Ateş durmadan gecenin karanlığına karşı isyan alevlerini yükseltiyordu! Anlatıcıda hiç soluksuz mitoloji efsanesini gâh demiri eriterek gâh kılıçları keskin keskin cephaneye dönüştürerek kürdün esaretten kurtuluşuna doğru gidiyordu.
Konuşmacı mermi bakışlarının arasından bir dağ yolunu yürüyormuş gibi anlattıkça etraf pür dikkat ateşin isyanı ve söylemlerin akıntısına durmuştu. Öyle bir sessizlik ki ateşin çatırtısı çat çat duyuluyordu.
Taş atmıyorlardı, kurşun sıkmıyorlardı, ellerinde silah yoktu sadece konuşuyorlardı ve ateş yakmışlardı halayın eşliğinde.
En çok “Bu ateşi yakan Demirci Kawa’dır. Özgürlük için yakmıştır. Bu bir isyan ateşidir anlayacağınız.” İfadeleri aklıma mıh gibi çakılı kaldı. Gördüğüm ilk nevroz ateşi ilk nevroz kutlaması oldu.

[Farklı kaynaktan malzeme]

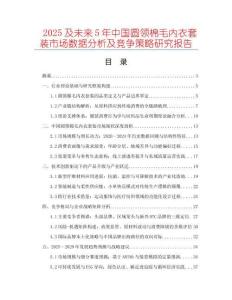 2025及未來5年中國圓領棉毛內衣套裝市場數據分析及競爭策略研究報告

Sonra devrimci ağabeylerden “Dehhak” adlı kitaba ulaştım. İncecikti. Okudum, bir kez daha, bir kez daha derken sonbahara gelmiş ve ağaçların yaprakları döküldüğü demdeydik.
Bir sabah uyandım sokağın başı, caddenin etrafı asker doluydu. Evden çıkmak yasak dediler. 12 Eylül’dü yıl 1980.
Bir anlam veremedim “bu ne ola ki” anlayana kadar o gece bizim evin bulunduğu tepede nevroz ateşi yakan bütün ağabeylerin tutuklandığı ve Diyarbakır cehennemine götürüldüğünü duydum.
Çok geçmeden onlara dair dilden dile söylentiler dolaşmaya başladı, kimi “işkencede kolunu, bacağını” kimi “aklını” kimi “canını” bırakmıştı.
“Zalım”ı tanımış oldum o vakit.
Nasıl olurdu da esir olana işkence yapılırdı.
Anlaşılıyordu ki çiçeği, böceği ile bahar değildi nevroz. Eğer newroz bahar bayramı olsaydı kimse ölmeyecek, kimse esir düşmeyecekti.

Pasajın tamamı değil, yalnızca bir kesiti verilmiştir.